The copy should begin at the line containing "1/18 AUTOart アストンマーチン DB5 007 オートアートの通販 by" and end with the last line below, every line exact and no picture included.

··· Records supplied ···

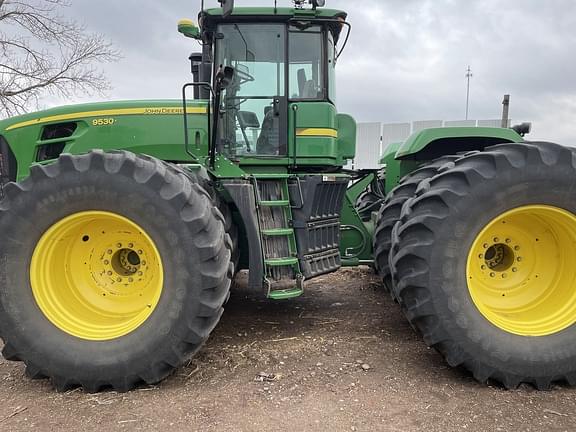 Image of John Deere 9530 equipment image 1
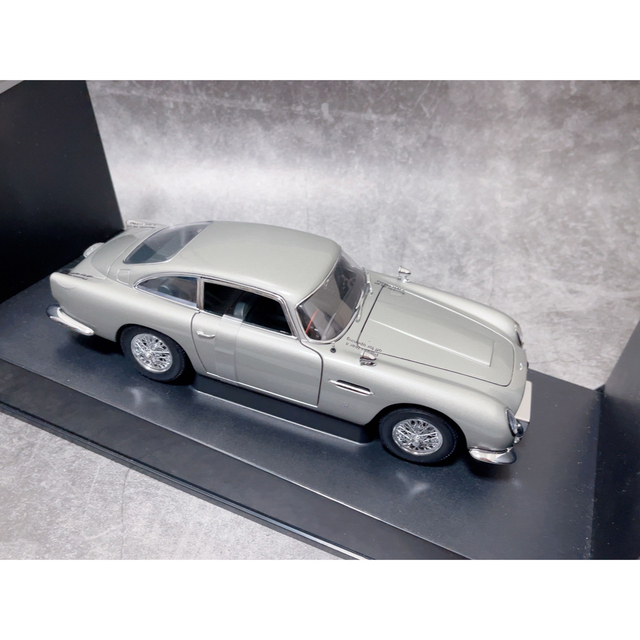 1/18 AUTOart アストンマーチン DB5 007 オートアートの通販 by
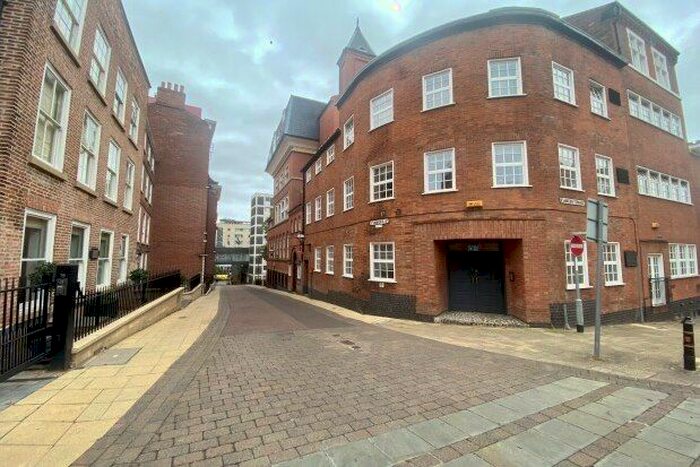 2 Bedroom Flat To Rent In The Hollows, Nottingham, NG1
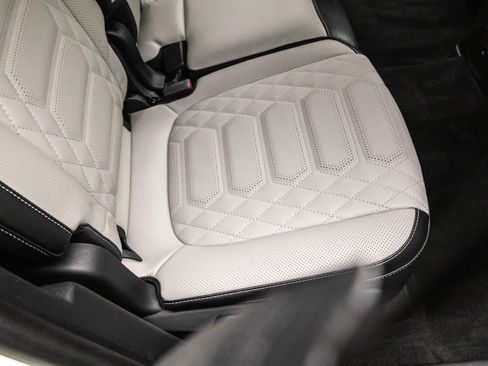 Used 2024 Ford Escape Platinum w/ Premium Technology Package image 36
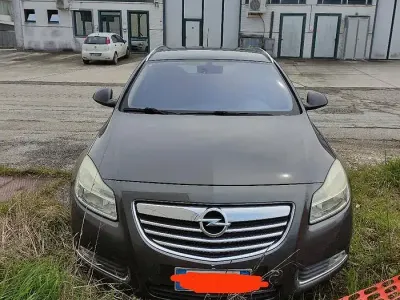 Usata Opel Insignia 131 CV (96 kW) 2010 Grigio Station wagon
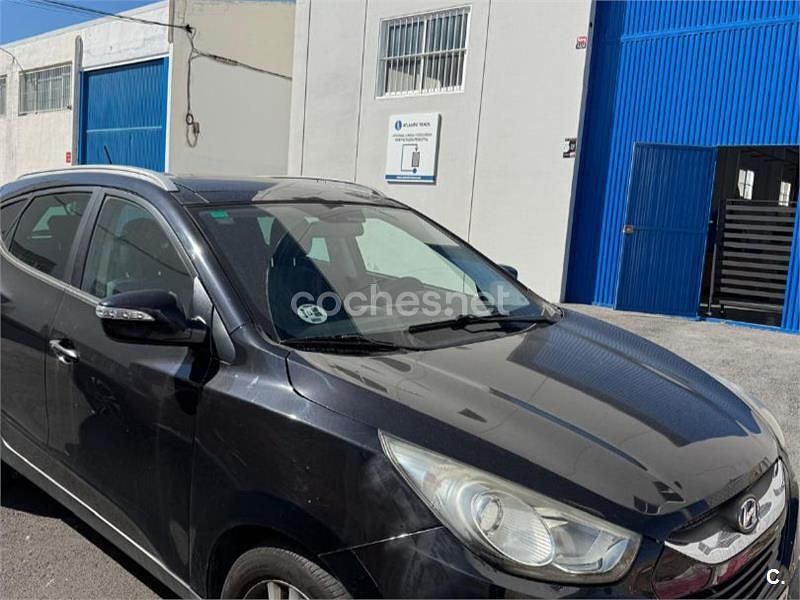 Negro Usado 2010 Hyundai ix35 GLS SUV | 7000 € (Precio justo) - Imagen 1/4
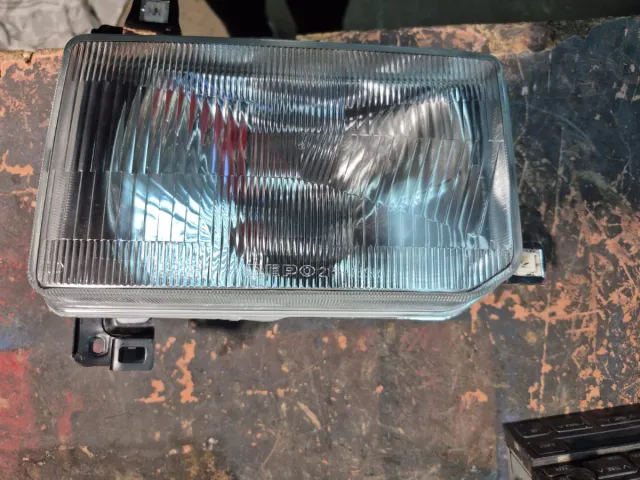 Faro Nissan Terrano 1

···

▶ [Solution for this problem]
 1/18 AUTOart アストンマーチン DB5 007 オートアートの通販 by
 2 Bedroom Flat To Rent In The Hollows, Nottingham, NG1
 Used 2024 Ford Escape Platinum w/ Premium Technology Package image 36
 Usata Opel Insignia 131 CV (96 kW) 2010 Grigio Station wagon
 Negro Usado 2010 Hyundai ix35 GLS SUV | 7000 € (Precio justo) - Imagen 1/4
 Faro Nissan Terrano 1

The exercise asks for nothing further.